Adelman eviscerated the logic of ID measures—“virtually no voter impersonation occurs in Wisconsin,” he wrote—and laid out exactly how Section 2 can apply to voter ID, providing a potential guide for other advocates and judges.
Because minorities are more likely than whites to lack ID, Adelman wrote, the ID law “results in members of the minority group having ‘less opportunity’ to participate in the political process”—exactly what Section 2 forbids.
“No court has done a better job of analyzing the Section 2 issue, in my opinion,” said Tokaji, calling the ruling “a model for how courts should approach this kind of problem.”
That’s where the Ohio lawsuit—filed by the same American Civil Liberties Union (ACLU) legal team behind the Wisconsin case—comes in. Though the Ohio suit addresses cuts to early voting, not voter ID, many of the issues are the same, since both restrictions will have a disproportionate impact on minority voters, reams of research suggest.
But to win, the plaintiffs will have to show not just that the early voting cuts affect minorities more than whites. They’ll also have to prove that they do so because of how they reflect a history of racial discrimination. That’s what Adelman found in Wisconsin: Blacks and Latinos are less likely than whites to own ID, he wrote, because they’re more likely to be poor, and people who are poor are less likely to drive or do other activities for which an ID is needed. They’re more likely to be poor, he wrote, “because they have suffered from, and continue to suffer from, the effects of discrimination.”
Events over the last decade are bolstering the case in Ohio.
In 2004, some Ohioans waited in lines for ten hours or more to vote, with many giving up in frustration. The lines were worst, by far, in minority-heavy areas. That disaster led to the establishment of early voting, aimed at taking the pressure off Election Day itself. In the following elections, things went much more smoothly. 2008 saw record African-American turnout in Ohio. After that, Republicans set out to roll back early voting. They failed to do so in 2010, 2011, and 2012, before finally succeeding earlier this year.
“I think people understand that this is just repetitive attempts to try to push us back toward 2004,” Dale Ho, the director of the ACLU’s Voting Rights Project and the lead lawyer on the case, said Saturday on msnbc’s The Melissa Harris-Perry Show. “And we’re confident about our argument.”
Tokaji called the Ohio case “very strong” and said the plaintiffs may even be able to show deliberate racial discrimination on the part of the state’s Republicans—more than the law requires them to prove. That effort may be helped by emails published this week by Salon, which suggest that Secretary of State Jon Husted, a defendant in the case, expressed little concern about how the proposed cuts might affect minority communities.
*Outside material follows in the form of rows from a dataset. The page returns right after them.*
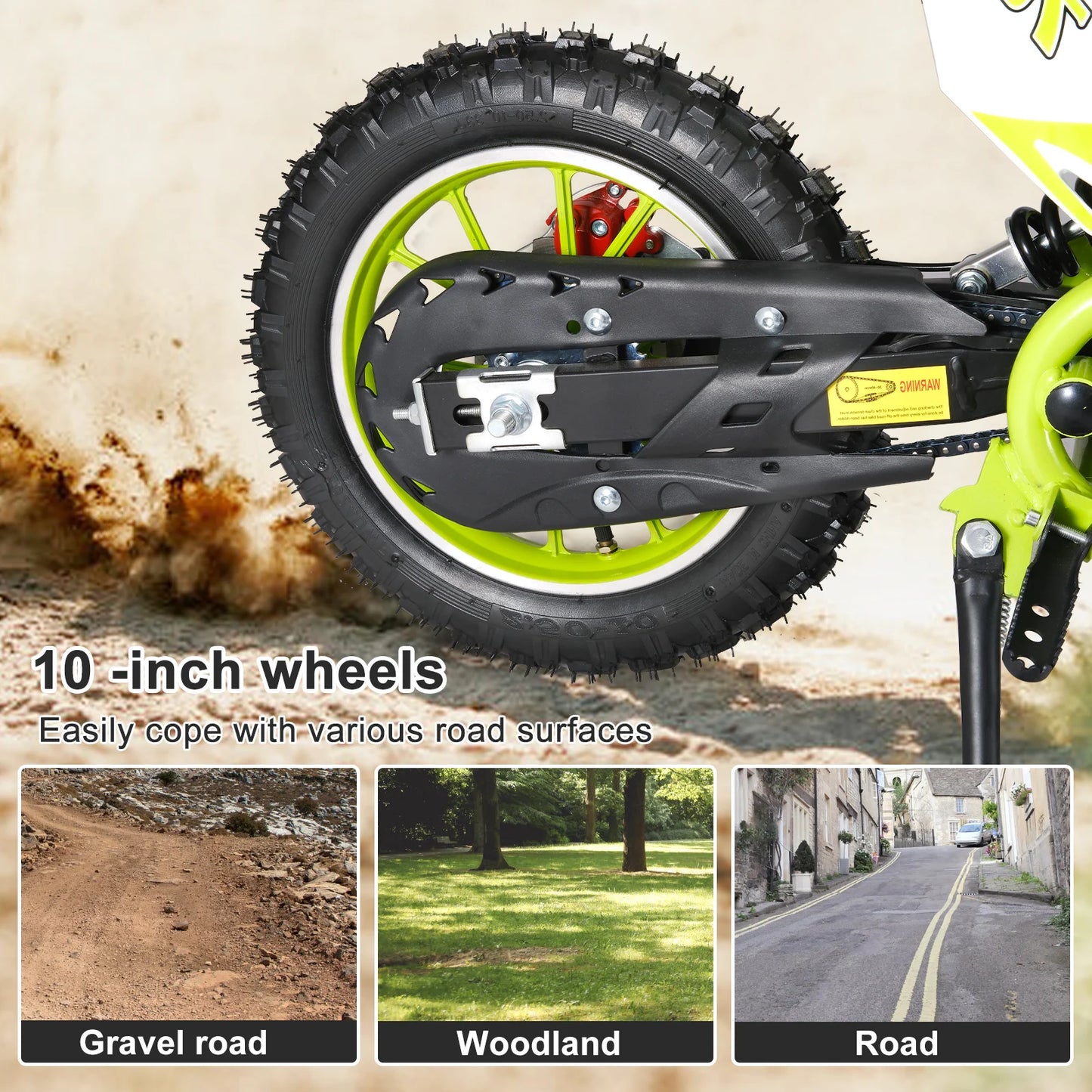 49cc 2-Stroke Dirt Bike, Gas Motocross, Off Road Mini Motorcycle, Pocket Motorbike with Front Rear Disc Brakes,Christmas gift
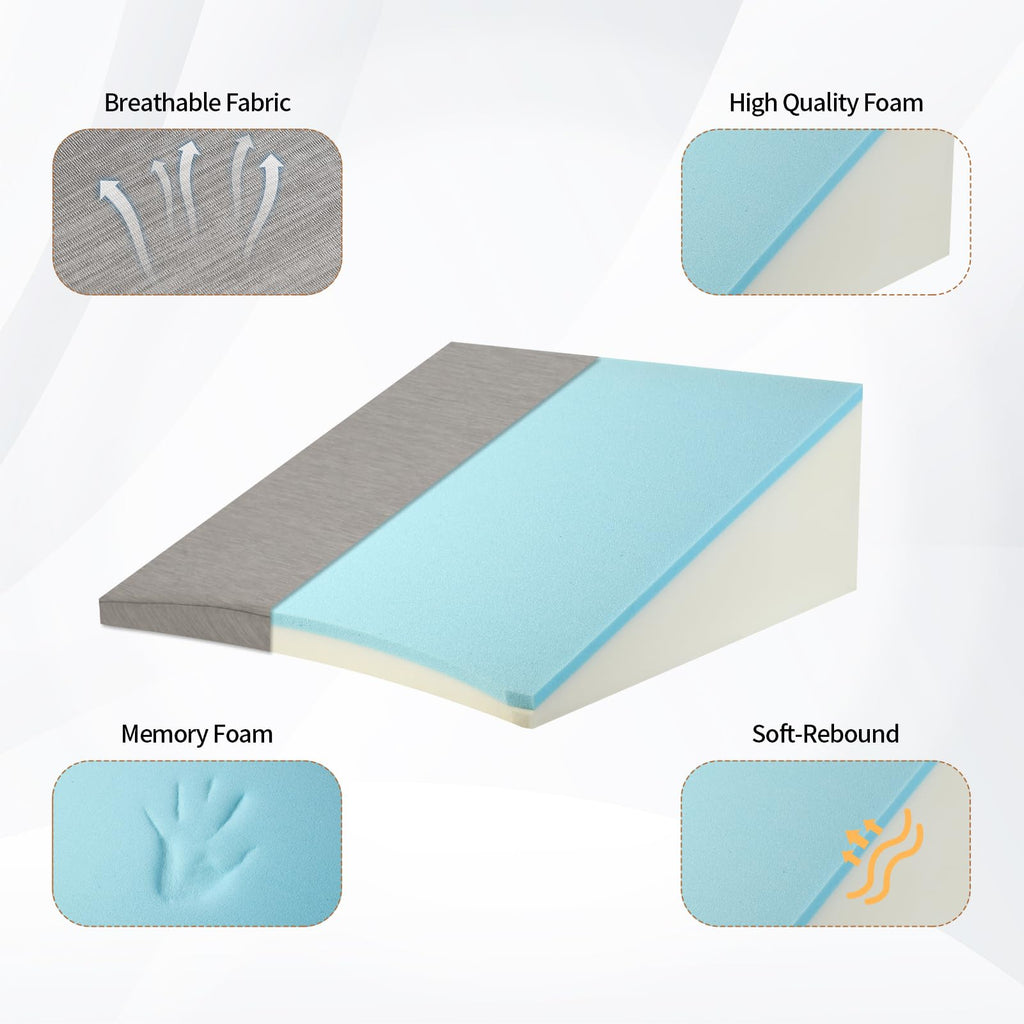 Wedge Pillow for Sleeping, 8 Inch Cooling Triangle Bed Pillow with Removable Cover, Elevated Body Pillow for Back Support, After Surgery, Snoring, Neck, Leg and Acid Reflux, Grey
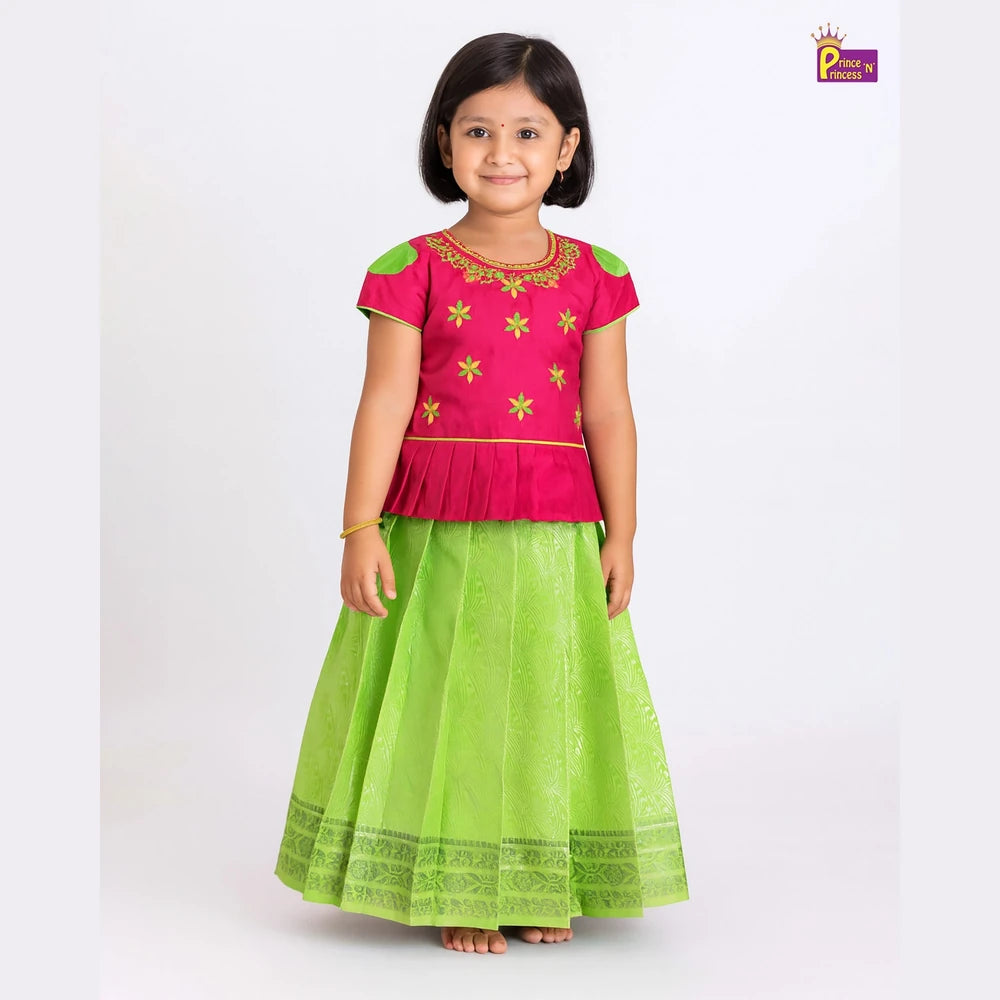 Kids Pink And Green Aari Work Traditional Pattu Pavadai PPP1180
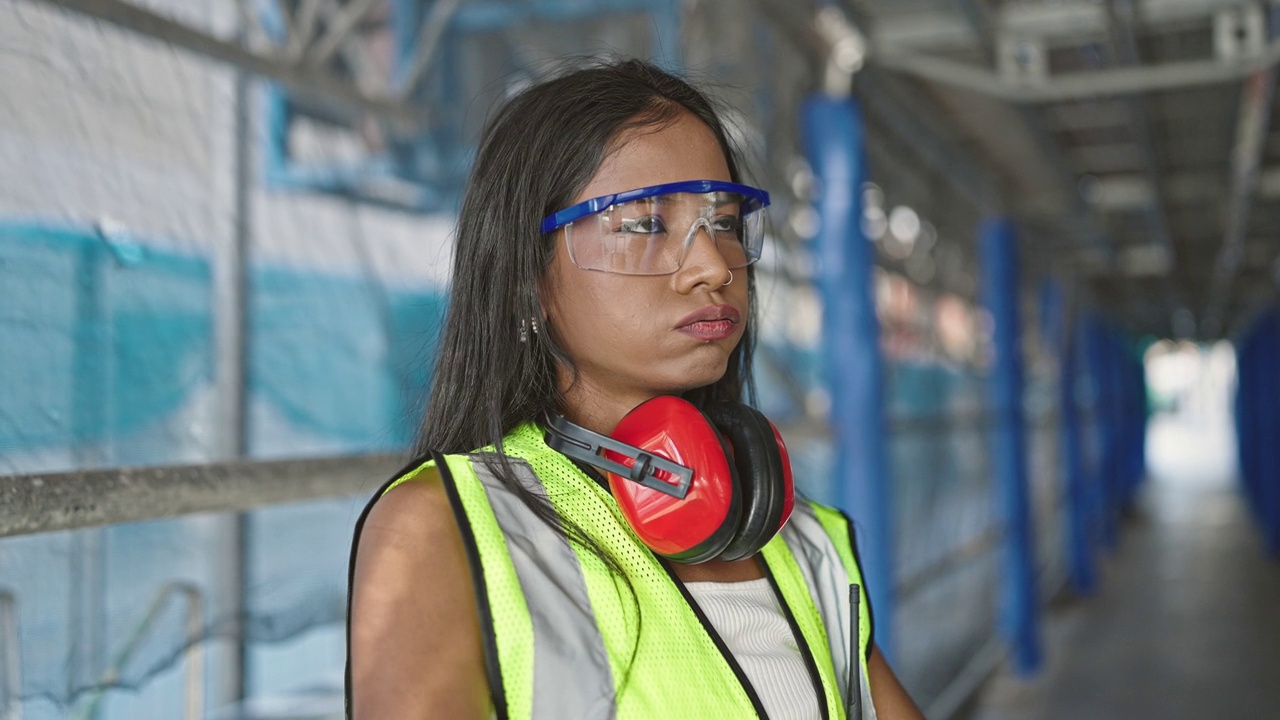 非裔美国女建筑工人在街上强调视频素材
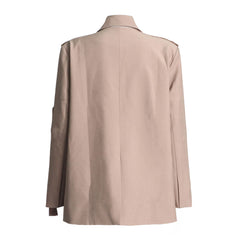 Deconstructed Lapel Buttoned Long Sleeve Single Breasted Oversized Blazer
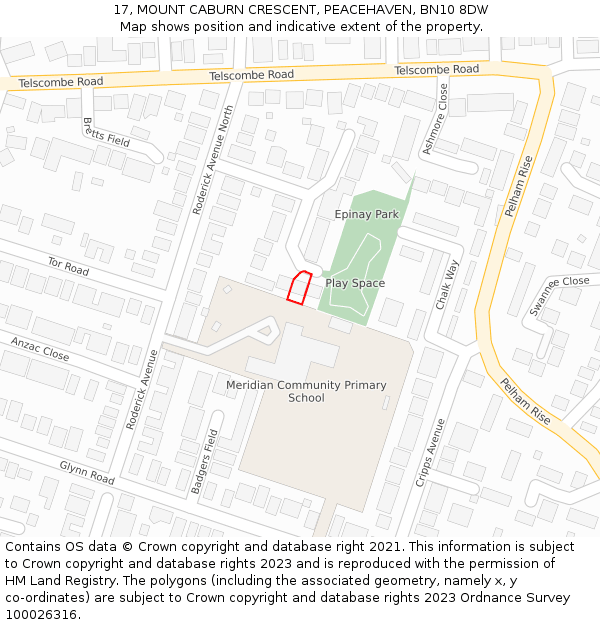 17, MOUNT CABURN CRESCENT, PEACEHAVEN, BN10 8DW: Location map and indicative extent of plot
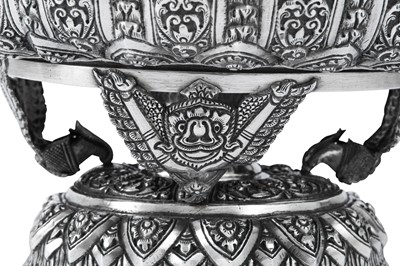Lot 181 - A mid-20th century Cambodian silver covered dish on stand (Tok), circa 1960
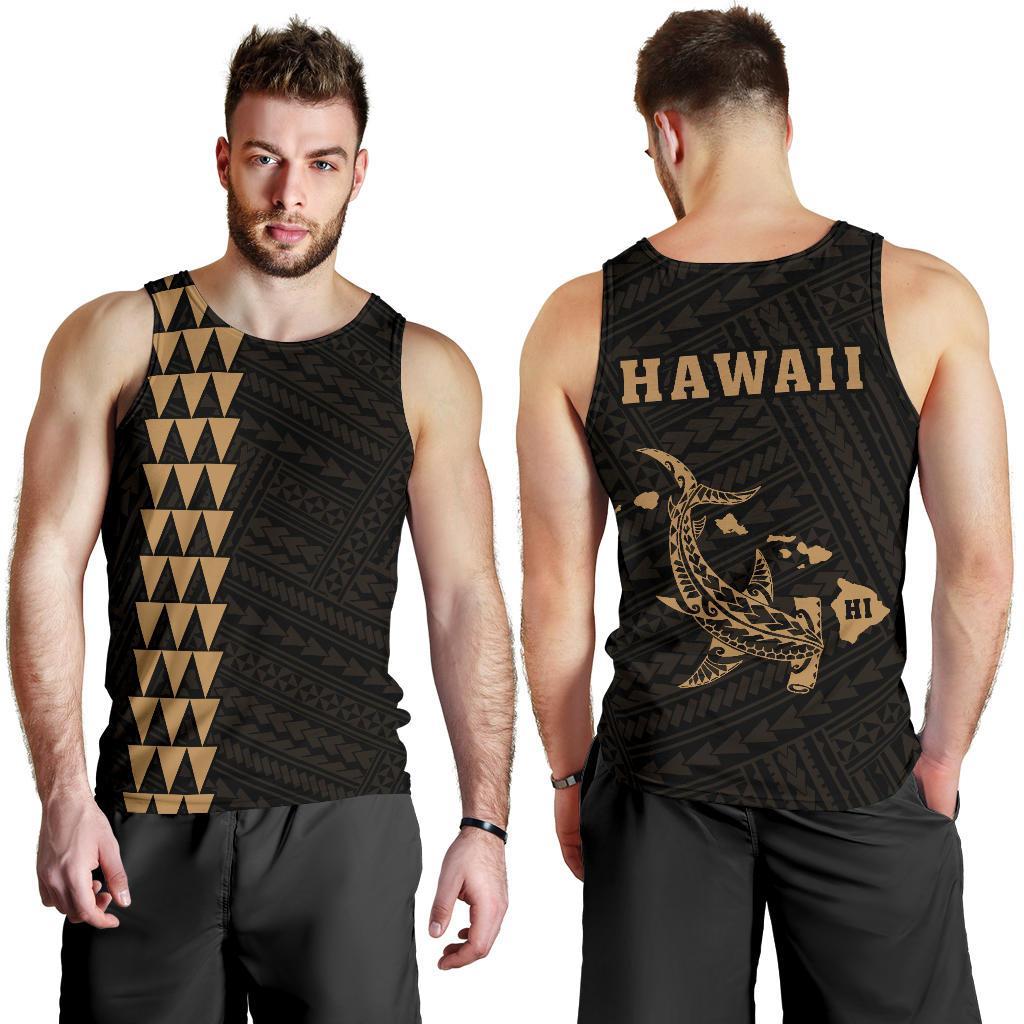 Hawaii Kakau Polynesian Hammerhead Shark Map Men's Tank Top - Gold Gold - Polynesian Pride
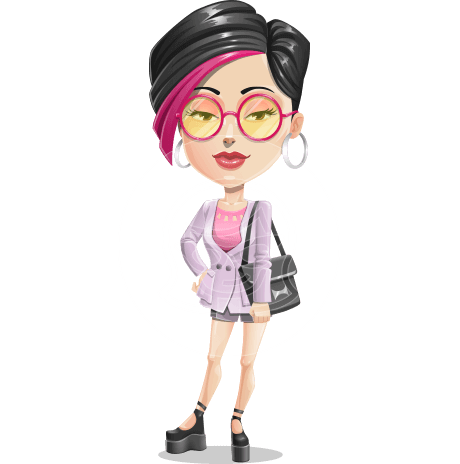 Hipster Girl Cartoon Vector Character AKA Milly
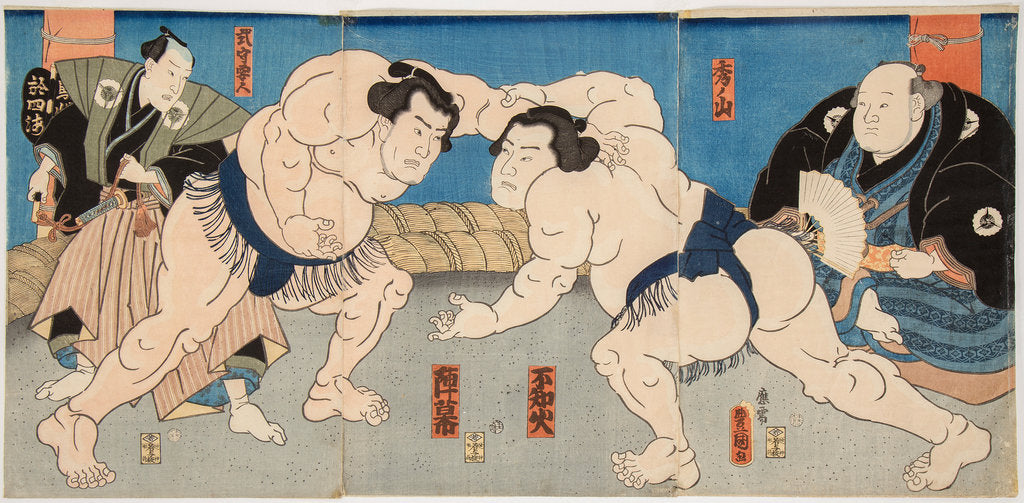 Detail of Wrestling match Shiranui vs Jimmaku, 1860s by Anonymous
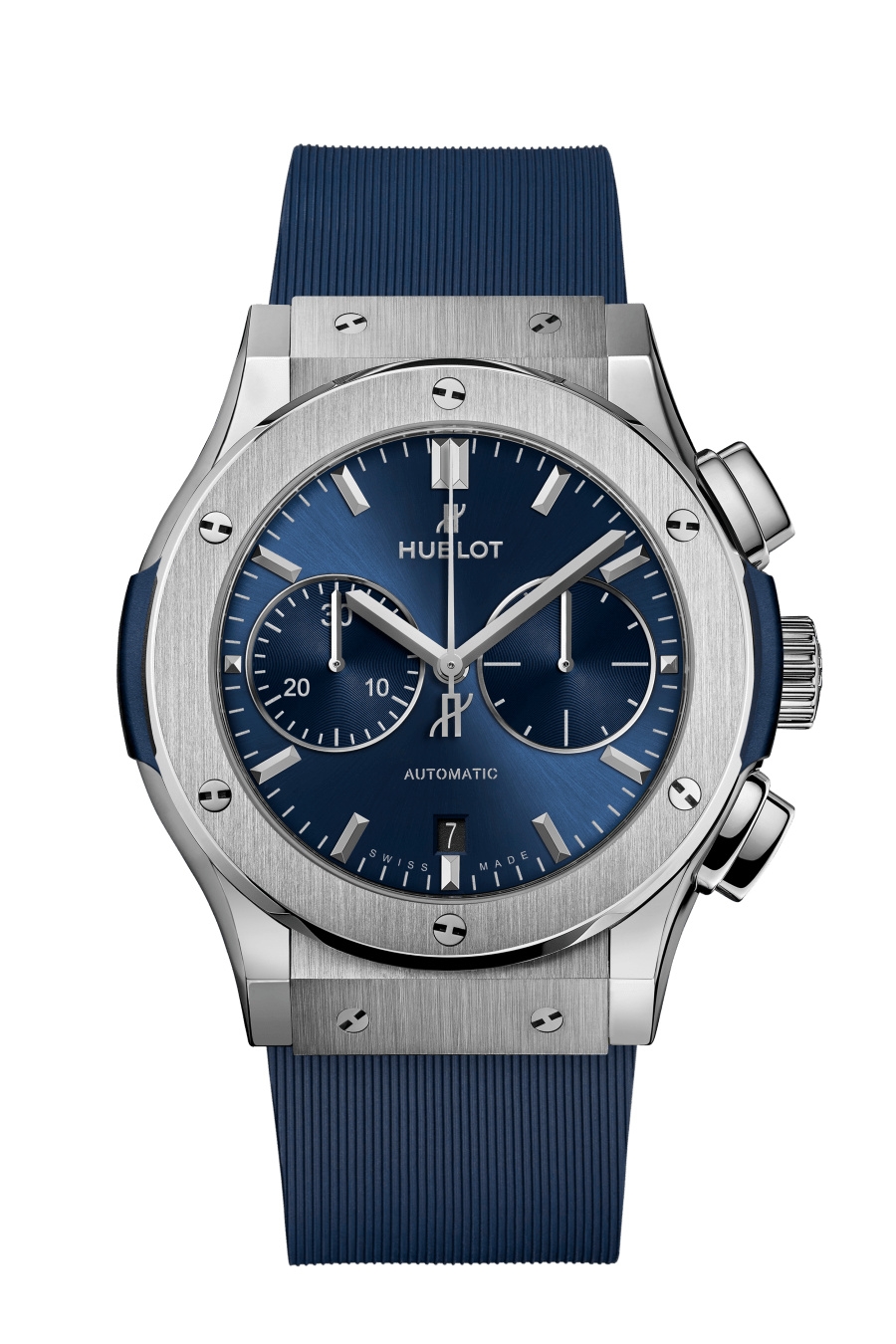 Hublot 521.NX.7170.RX : Classic Fusion 45 Chronograph Titanium / Blue / Rubber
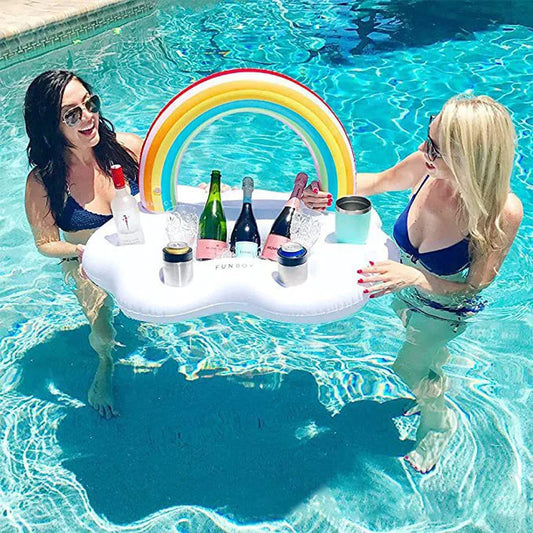 HKM-996755 Rainbow Cloud Inflatable Pool Float Drink Cooler Holder for Summer Parties
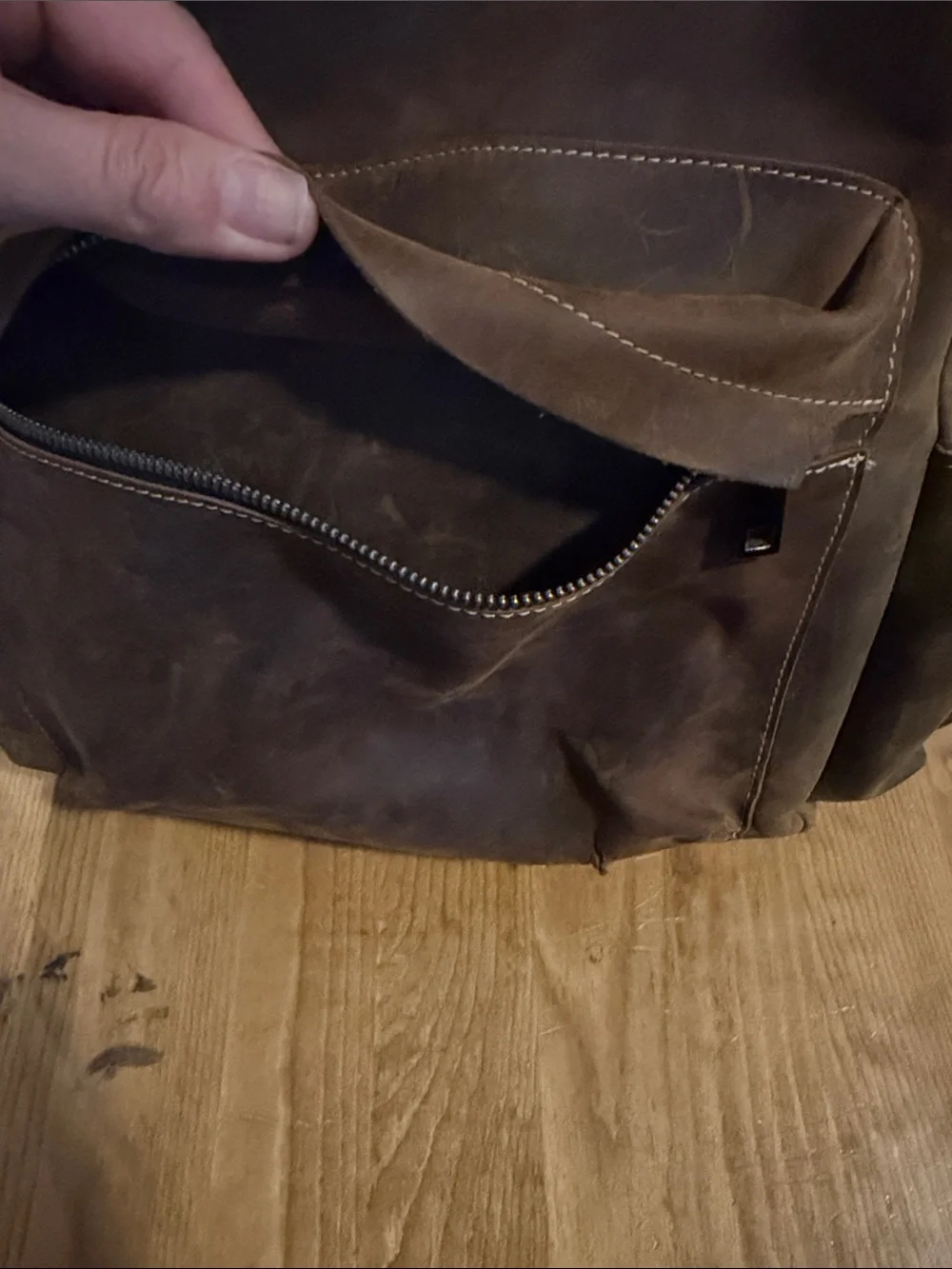 Bullstrap Large Brown Leather Backpack Distressed Full Grain Travel Work Bag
Still, it’s far from a slam-dunk. Because several states offer no early voting at all, the plaintiffs can’t argue that states have to offer a minimum amount of early voting to avoid discriminating against minorities. Rather, they’ll likely claim that once a state has offered early voting, it can’t be taken away without a very good reason.
That idea was central to a 2012 case where Husted was blocked by a court from cutting the last three days of early voting. But it’s not a standard that has been used much before in Section 2 cases.
“It is a provocative theory,” Rick Hasen, a prominent election law scholar at the University of California, Irvine noted in an email to msnbc “but it is one which would mean both an expansion of section 2 standards as well as worse treatment for states that have offered some early voting (but cut back) compared to those that offer none.”
One piece of good news for those challenging the cutbacks: Last week, the suit was officially combined with the 2012 case, technically still ongoing, in which Husted was stopped from cutting the last three days of early voting. That means it will come before the same judge, Peter Economus, who wrote a strong opinion slapping down Husted in that case.